The Luv Doc: An Unhappy Spirit

Luv Doc,
My mother-in-law is a hippy-dippy type and whenever she visits she claims that she feels the presence of an unhappy spirit in our guest bedroom. Who does that? Even if I believed in ghosts (which I don’t), what am I supposed to do with that information? Am I supposed to call Ghostbusters or some sort of shaman to cleanse my house? It’s barely a year old and no one has died in it. I have suggested to my husband that she might be more comfortable in a hotel, but he says she can’t afford it and that I should ignore her. She is visiting in a few weeks. What should I do?
- Annoyed not Scared

First of all, knucks to you for actually having a guest bedroom and a mother-in-law. You seem to be doing quite well in life. There are a lot of people out there whose in-laws have to sleep on a blow-up mattress in the living room between the coffee table and the musty-smelling sofa where their grandchildren were conceived – also known as “fuck this shit we’re staying in a hotel.” In short, other than being haunted by an unhappy spirit, your house is too accommodating. Now, I will admit that getting a hippie in-law to stay at a hotel instead of your guest room is much more challenging than say, a socialite from Highland Park. Hippies are unfazed by things like neurotic head scratching (borrow my tea tree oil?), huge cockroaches (they’re really Palmetto Bugs!) or the smell of burnt toast in the morning, which, to just about anyone not raised in a plastic bubble, kicks in an immediate trailer trash sense memory. As an olfactory register of skid row social status, burnt toast ranks just slightly above the smell of crystal meth or maybe week-old dried urine wafting from the trousers of a homeless man. Even still, it’s not enough to drive a hippie into shelling out $34.95 for a Motel 6. You could live like a king for months with that kind of scratch at a Rainbow Gathering.

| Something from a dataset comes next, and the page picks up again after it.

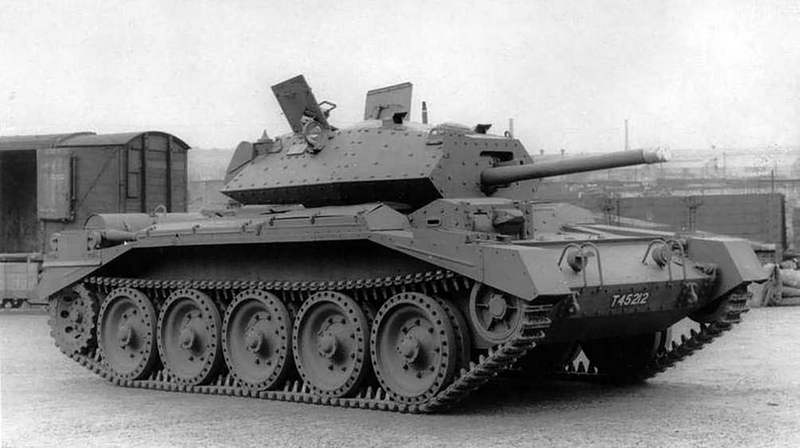 Книгаго: Крейсерский танк MK.VIII «КРОМВЕЛЬ». На острие королевского меча. Иллюстрация № 9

So, rather than being annoyed by the idea of an unhappy spirit living in your guest room, perhaps you should embrace it. After all, it seems pretty clear to me that (if only occasionally) there is at least one unhappy spirit in that room: your mother-in-law. She might be troubled by the ostentatious size of your home (my bet is that it’s not an old school bus with peace signs spray painted on the sides). She might also be troubled by the thought that her son has been lured into the spiritual trap of materialistic excess. That’s a dark thought, isn’t it? Maybe she thinks that instead of owning a beautiful house, her son is owned by it. Put her mind at ease by assuring her that although there may be an unhappy spirit in her room, there are plenty of happy spirits in the rest of the house – especially on the air mattress in the living room between the coffee table and the musty-smelling sofa.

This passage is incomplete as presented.